The basic principles and main features of the present invention and the advantages of the present invention have been shown and described above. Those skilled in the industry should understand that the present invention is not limited by the above embodiments. The above embodiments and descriptions only illustrate the principles of the present invention. Without departing from the spirit and scope of the present invention, the present invention will also have other aspects. Various changes and modifications are possible, which fall within the scope of the claimed invention. The scope of protection of the present invention is defined by the appended claims and their equivalents.

Claims (9)

1. A modularized high-thrust-density switch reluctance linear motor, which comprises a primary (11) and a secondary (10), wherein an air gap is arranged between the primary (11) and the secondary (10), the primary (11) comprises a primary module (110), the secondary (10) is of a tooth slot structure and comprises secondary teeth (100),

each primary module (110) comprises a U-shaped magnetic conductive material (111) and an armature winding (112), and a permanent magnet (113) arranged at a notch of the U-shaped magnetic conductive material (111);

m x n consecutive said primary modules (110) forming a primary module (115); in the primary module (115), every n consecutive primary modules (110) are in-phase primary modules (110); k consecutive primary modules (115) form a complete motor;

the distance between the central axes of the adjacent two primary modules (110) is lambda 1; the distance between the central axes of two adjacent primary modules (115) is lambda 2; when n is more than or equal to 2, the distance between the central axes of two adjacent in-phase primary modules (110) in the same primary module (115) is lambda 3; the distance between the central axes of two adjacent secondary teeth (100) is tau _S The method comprises the steps of carrying out a first treatment on the surface of the Wherein λ1, λ2, λ3 and τ _S The following relationship is satisfied:

a.

or (b)

b.

Wherein m is the number of phases, n is the number of primary modules (110) in phase in each primary module (115), i, j, p are natural numbers, k is the number of primary modules (115), and h is the number of thrust harmonics eliminated by the b-type structure.

2. A modular high thrust density switched reluctance linear motor according to claim 1, characterized in that the armature windings (112) in the same primary module (110) are wound in opposite directions and belong to the same phase.

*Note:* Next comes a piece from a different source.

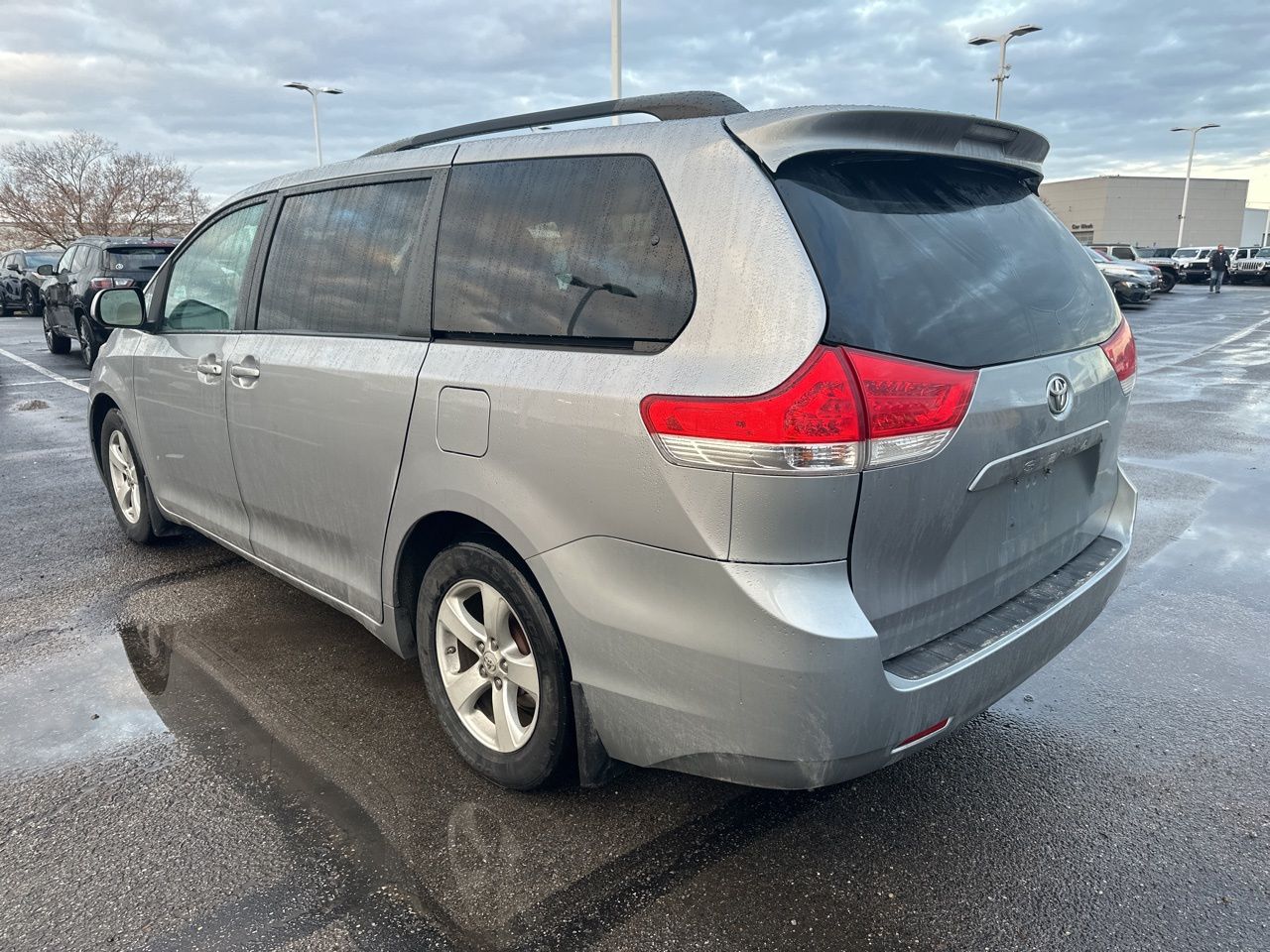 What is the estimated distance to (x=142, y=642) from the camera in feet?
12.5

3. The modular high thrust density switched reluctance linear motor according to claim 1, wherein the permanent magnets (113) are horizontally magnetized, and the magnetizing directions of adjacent permanent magnets (113) are the same.

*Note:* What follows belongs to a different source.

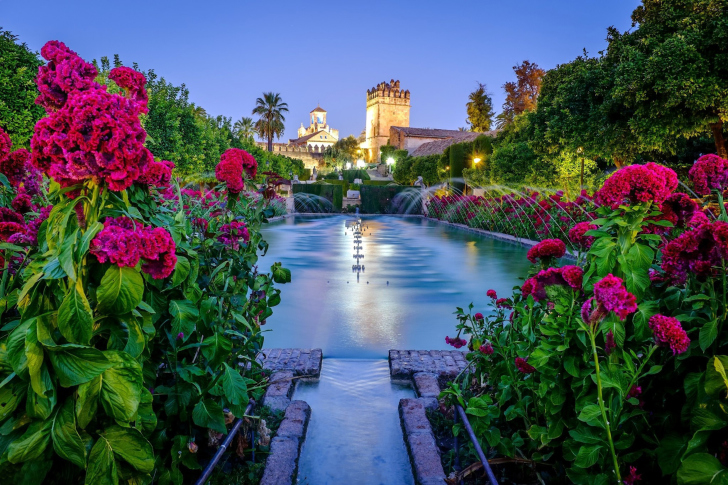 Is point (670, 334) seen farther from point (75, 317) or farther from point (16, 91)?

4. The modular high thrust density switched reluctance linear motor of claim 1 wherein when λ1, λ2, λ3 and τ _S When the relation of class a is satisfied, k primary modules (115) are connected in series to form an integral or separate control.

5. The modular high thrust density switched reluctance linear motor of claim 1 wherein when λ1, λ2, λ3 and τ _S When the b-type relation is satisfied, the motor forms a complementary structure, k continuous primary modules (115) are controlled separately, and the power supply of adjacent primary modules (115) is different by 1/(2 h) of electrical cycles.

6. A modular high thrust density switched reluctance linear motor according to any one of claims 1 to 5, further comprising a connecting bridge (114) between adjacent said primary modules (110), said connecting bridge (114) being of magnetically permeable or non-magnetically permeable material.

7. A modular high thrust density switched reluctance linear motor according to any one of claims 1 to 5, wherein the motor is configured as a double sided flat plate structure with the lower edge of the secondary (10) or the upper edge of the primary (11) turned vertically around the axis.

8. A modular high thrust density switched reluctance linear motor according to any one of claims 1 to 5, wherein the armature winding (112) is copper or a superconducting material.

9. A modular high thrust density switched reluctance linear motor according to any one of claims 1 to 5, wherein the modular high thrust density switched reluctance linear motor is a generator or a motor.